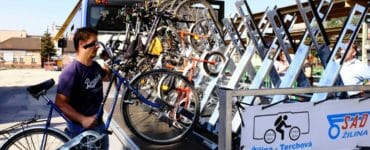 Cestujúci nakladá bicykel na cyklobus v Žiline.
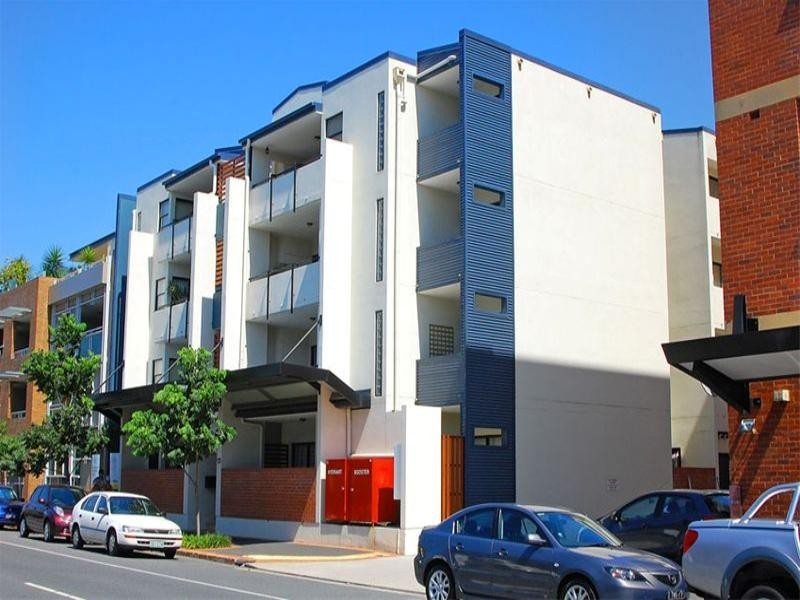 13/120 Commercial Road, Teneriffe QLD 4005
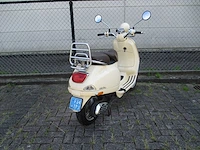 Vespa - snorscooter - lxv sienna 4t - scooter - afbeelding 9 van  11
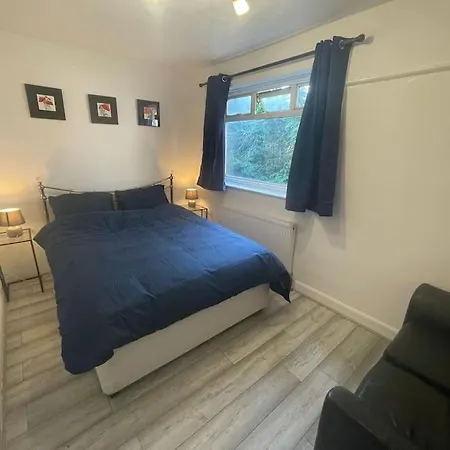 Cheerful 3 Bed Entire House, Newly Refurbished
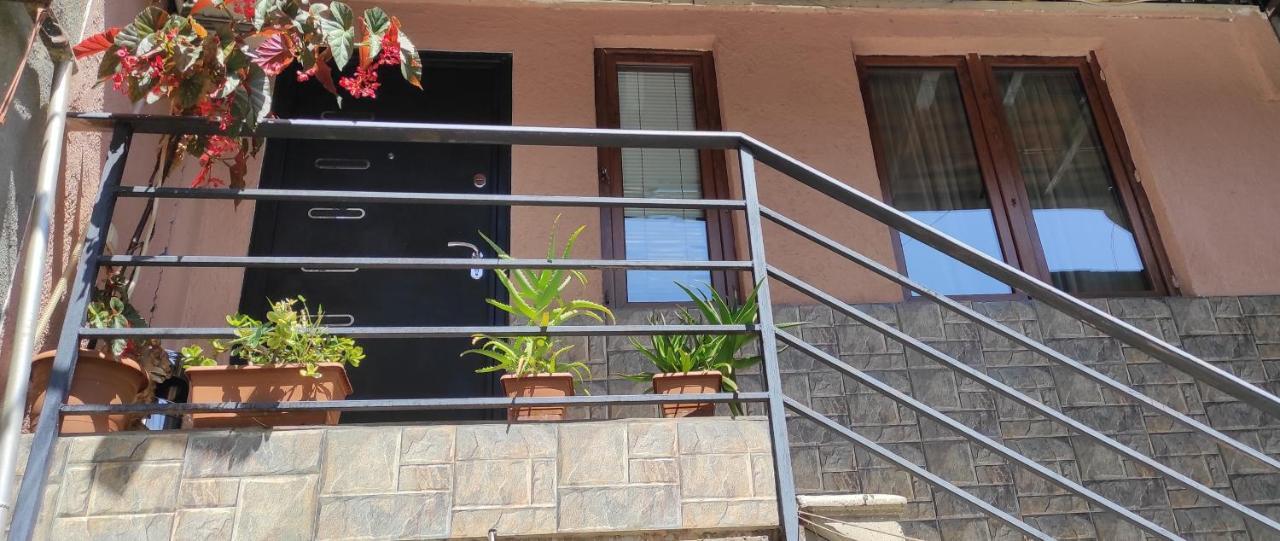 Family Apartament Διαμέρισμα Τυφλίδα Εξωτερικό φωτογραφία
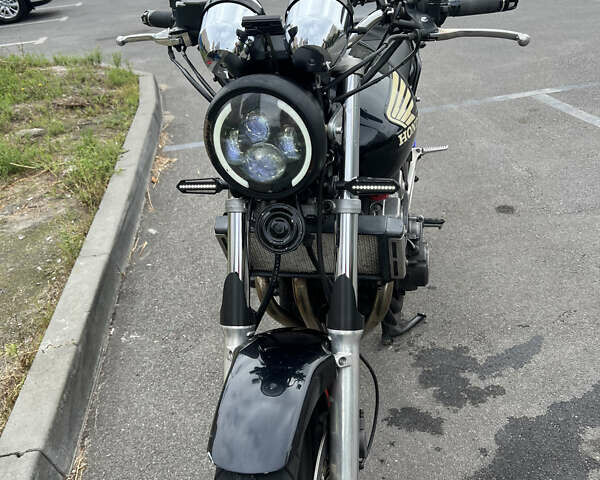Черный Хонда CB 400SF, объемом двигателя 0.4 л и пробегом 56 тыс. км за 3100 $, фото 25 на Automoto.ua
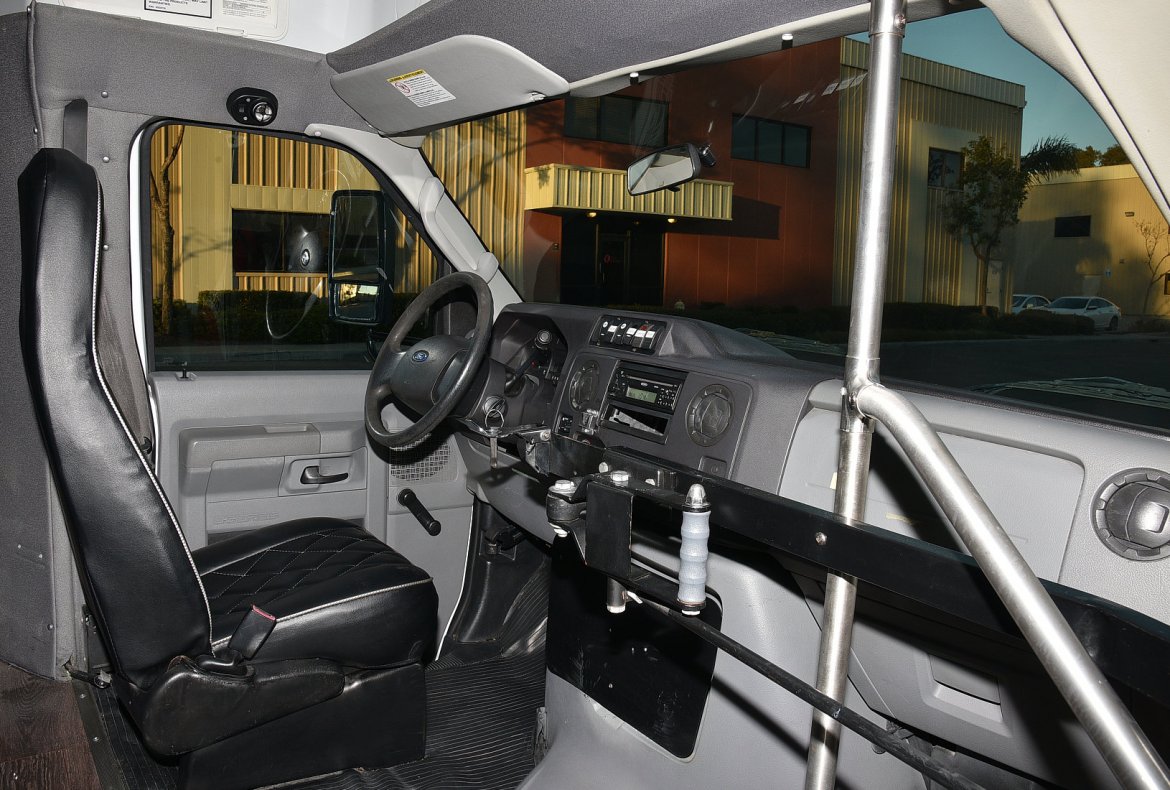 Limo Bus for Sale in Fontana, CA - Photo 9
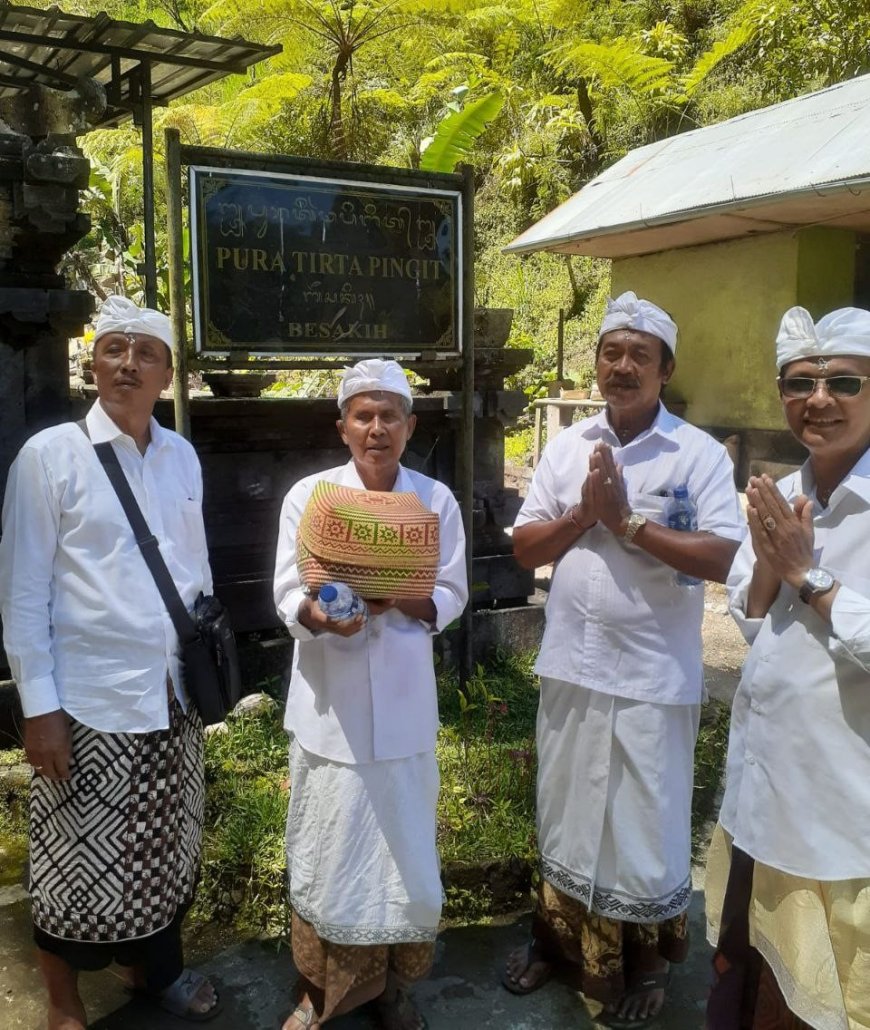 Nunas Tirta Pemuket: Memurnikan Elemen Ritual dengan Air Suci untuk Kesakralan Upacara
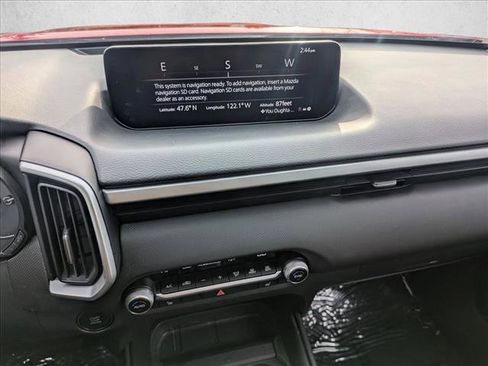 Used 2025 MAZDA CX-50 AWD 2.5 S w/ Premium Package image 17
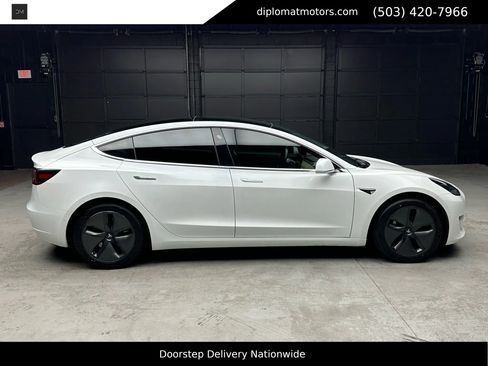 Used 2020 Tesla Model 3 Long Range image 8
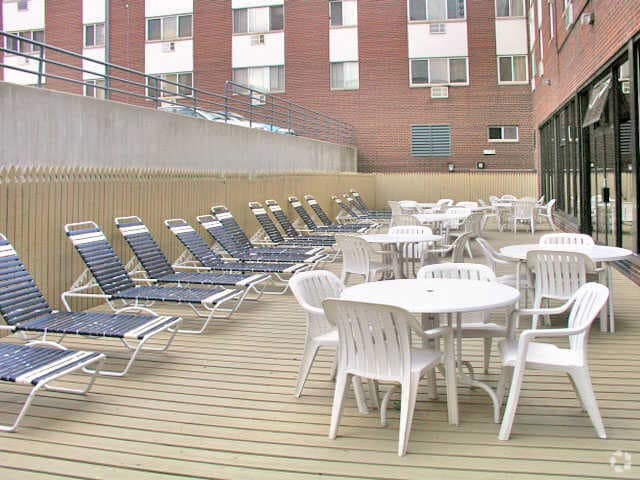 5511 W National Ave, Milwaukee, WI for sale - Building Photo - Image 3 of 12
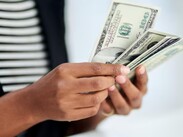 El precio del dólar cambia cada día | Freepik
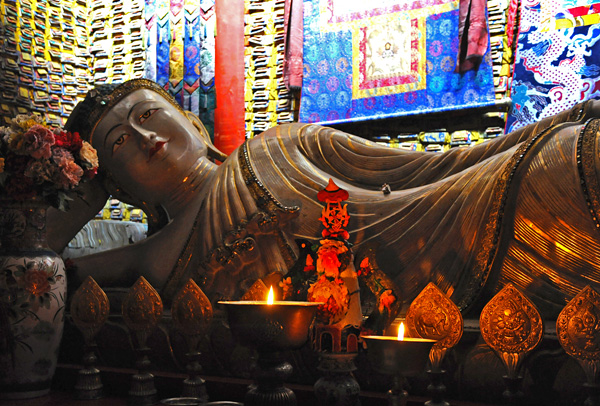 Bouddha couch, Golden Stupa, monastre de Labrang, Gansu, Chine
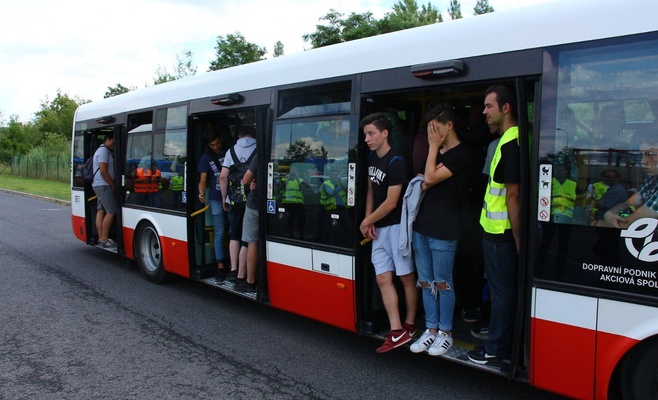 Сколько человек влезет в пражский трамвай или автобус?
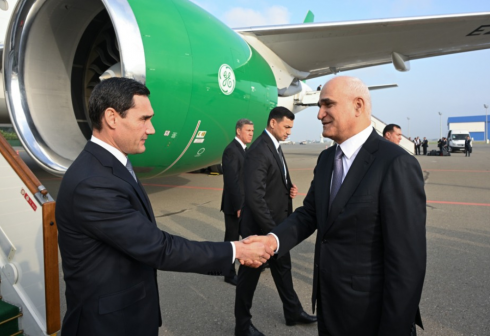 Turkmen President Arrives in Azerbaijan for CICA Summit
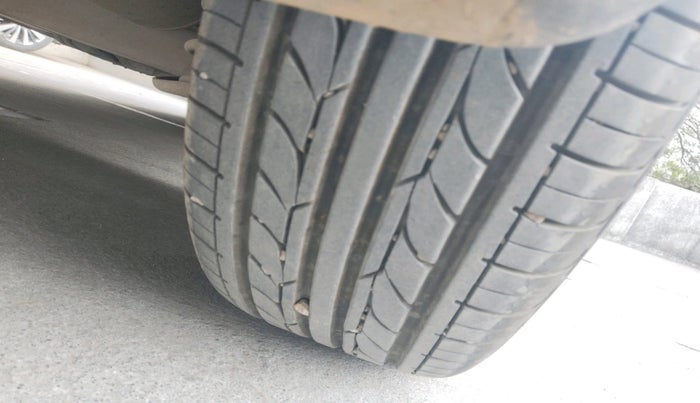 2013 Hyundai Verna FLUIDIC 1.6 VTVT EX, Petrol, Manual, 1,01,874 km, tyre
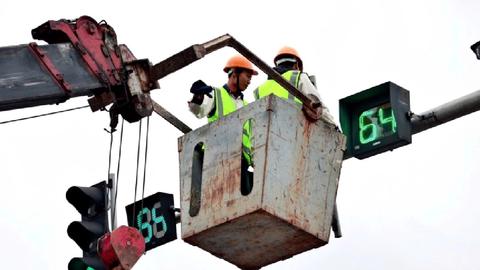 Hà Nội nâng cấp đèn tín hiệu giao thông bằng AI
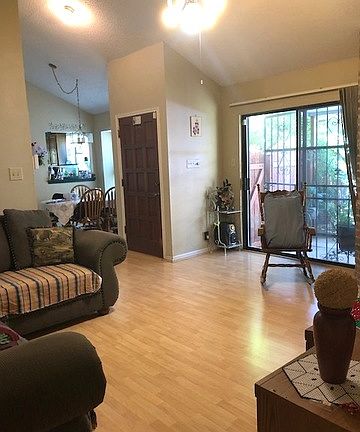 4th image of 2912 Wood Cir
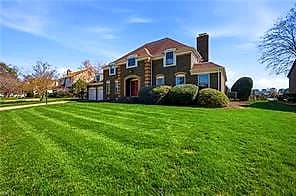 10 Canal DR, POQUOSON VA 23662 - Photo 4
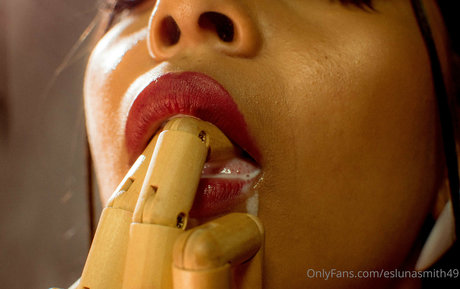 小さなオンリーファンズ ホット 写真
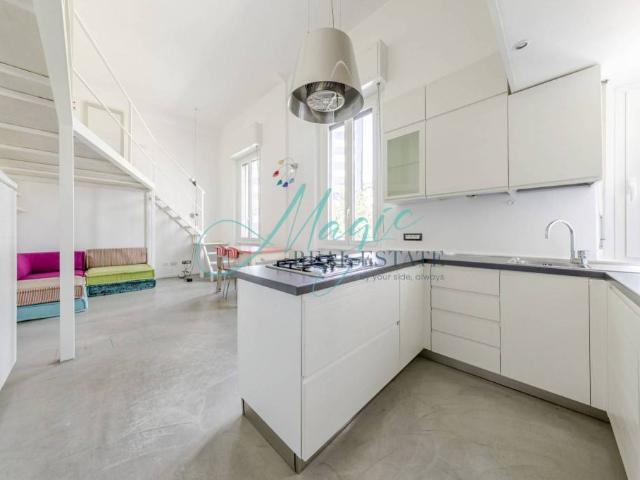 Loft in vendita a Milano via Filippo Sassetti, 17, Isola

------------------------------

Aim of the task:
Transcribe each entry precisely as given, leaving the pictures out.

Your response:
 Cestujúci nakladá bicykel na cyklobus v Žiline.
 13/120 Commercial Road, Teneriffe QLD 4005
 Vespa - snorscooter - lxv sienna 4t - scooter - afbeelding 9 van  11
 Cheerful 3 Bed Entire House, Newly Refurbished
 Family Apartament Διαμέρισμα Τυφλίδα Εξωτερικό φωτογραφία
Черный Хонда CB 400SF, объемом двигателя 0.4 л и пробегом 56 тыс. км за 3100 $, фото 25 на Automoto.ua
 Limo Bus for Sale in Fontana, CA - Photo 9
 Nunas Tirta Pemuket: Memurnikan Elemen Ritual dengan Air Suci untuk Kesakralan Upacara
 Used 2025 MAZDA CX-50 AWD 2.5 S w/ Premium Package image 17
 Used 2020 Tesla Model 3 Long Range image 8
 5511 W National Ave, Milwaukee, WI for sale - Building Photo - Image 3 of 12
 El precio del dólar cambia cada día | Freepik
 Bouddha couch, Golden Stupa, monastre de Labrang, Gansu, Chine
 Сколько человек влезет в пражский трамвай или автобус?
 Turkmen President Arrives in Azerbaijan for CICA Summit
 2013 Hyundai Verna FLUIDIC 1.6 VTVT EX, Petrol, Manual, 1,01,874 km, tyre
 Hà Nội nâng cấp đèn tín hiệu giao thông bằng AI
 4th image of 2912 Wood Cir
 10 Canal DR, POQUOSON VA 23662 - Photo 4
 小さなオンリーファンズ ホット 写真
 Loft in vendita a Milano via Filippo Sassetti, 17, Isola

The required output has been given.